The average income in the richest 20 countries is 37 times that in the poorest 20, a ratio that has doubled in the past 40 years, mainly because of lack of growth in the poorest countries. According to the World Bank report in 2002, more than 1 billion people in low- and middle-income countries lack access to safe water, and 2 billion are without adequate sanitation, subjecting them to avoidable disease and premature death.
After globalization, development is the word that may be used as a common denominator for the world's growth and progress. Yet, in Indonesia, it is indeed difficult to gain a perspective on development, particularly when the nation is grappling with so many complications in its transition from a centralized, authoritarian government to a democratic and decentralized administration.
Many are fixated on the daily turmoil of events, rallies and emotionally charged political debates.
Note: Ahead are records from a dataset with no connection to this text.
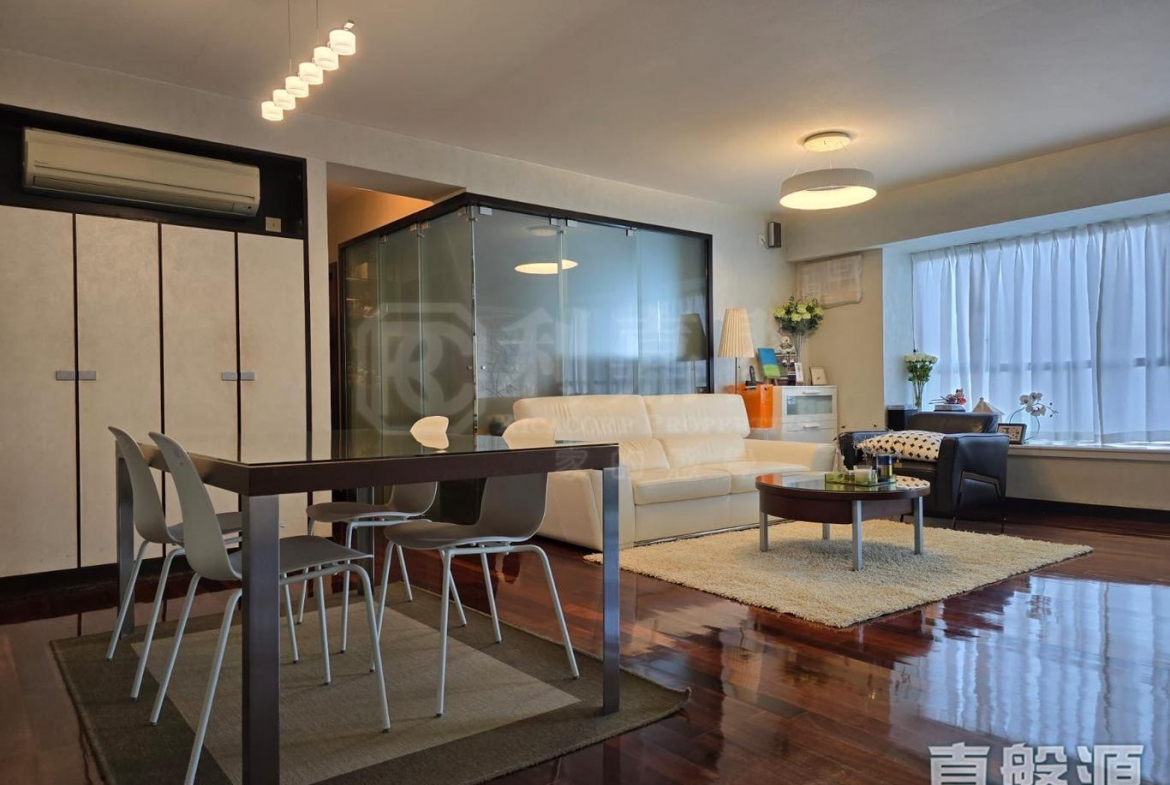 碧濤花園 2期 怡景閣 (C座) - 28NTS – 香港北部都會區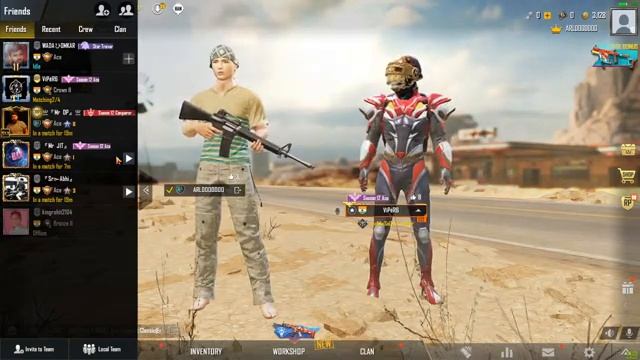 BACK TO THE STREAM | PUBG PC смотреть онлайн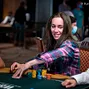 Liv Boeree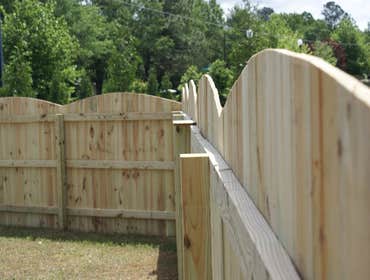 Fences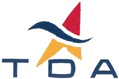 Logo TDA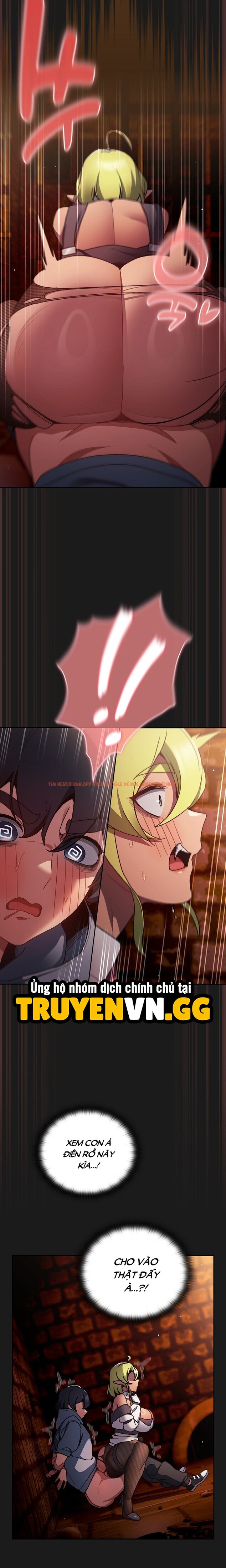 Xem ảnh 2 1 trong truyện hentai Giải Cứu Nhân Loại Bằng Tình Dục - Chapter 8 - hentaitvn.net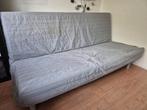 ikea, slaapbank, 3 zitsbank, tweepersoons bed, beddinge, Huis en Inrichting, Slaapkamer | Slaapbanken, Ophalen, Gebruikt, Tweepersoons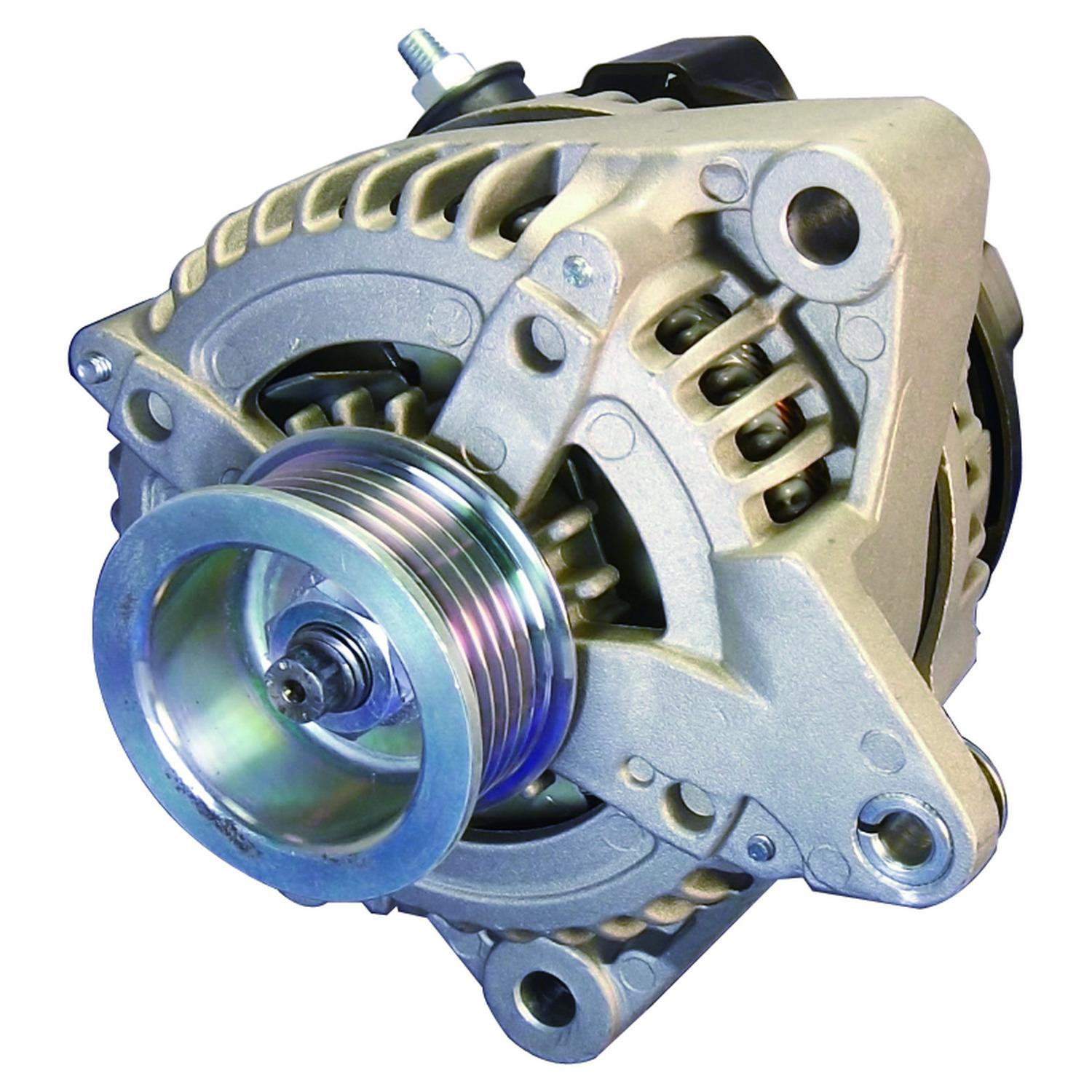 WAI 11197N - Alternator WAI 11197N Alternator product image 25 of 25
Thus, while development has been focused to achieve some progress in reducing poverty, the inching forward has been painfully slow and uneven.
Surely overall policies in development would have an end objective -- people. But, to what extent do the people benefit from such policies?
The above table shows ironically that while fuel prices have increased from 114 percent (kerosene) to 244 percent (diesel) since the crisis to 2002, the price of rice only rose 31 percent. The consequences are easily predictable -- life becomes more difficult, especially for most of those who are remote from the centrum and depend more for their livelihood on agriculture.
People must be at the center of development, not only in the traditional view that people are the engine of change, but also in the less-traditional sense of development that puts people first.
People are the critical factor in development, first in terms of their numbers and the social, health, economic and environmental consequences of their actions; and secondly in terms of the decisions they make on domestic issues and the way they live their lives. People-centered development also means full community participation at both decision-making and implementation levels.
Poverty remains intractable despite economic growth in many countries. This partly reflects the problem of income inequality within countries. Income inequality in turn reflects inequality of opportunity.
What is the cause? At least in part, the still tragically unmet need for equitable and inclusive investment in human capital -- e.g. investment in people through better education and heath care-and for wider access to the infrastructure and capital needed to broaden the basis of opportunity.
Here lies a two-way relationship between poverty and growth. Growth might be a necessary, but not a sufficient condition for poverty reduction, but persistent poverty and inequality can reduce growth rates.
The writer is also a lecturer of the Sahid University in Surakarta and a researcher at Uni Sosial Demokrat, Jakarta.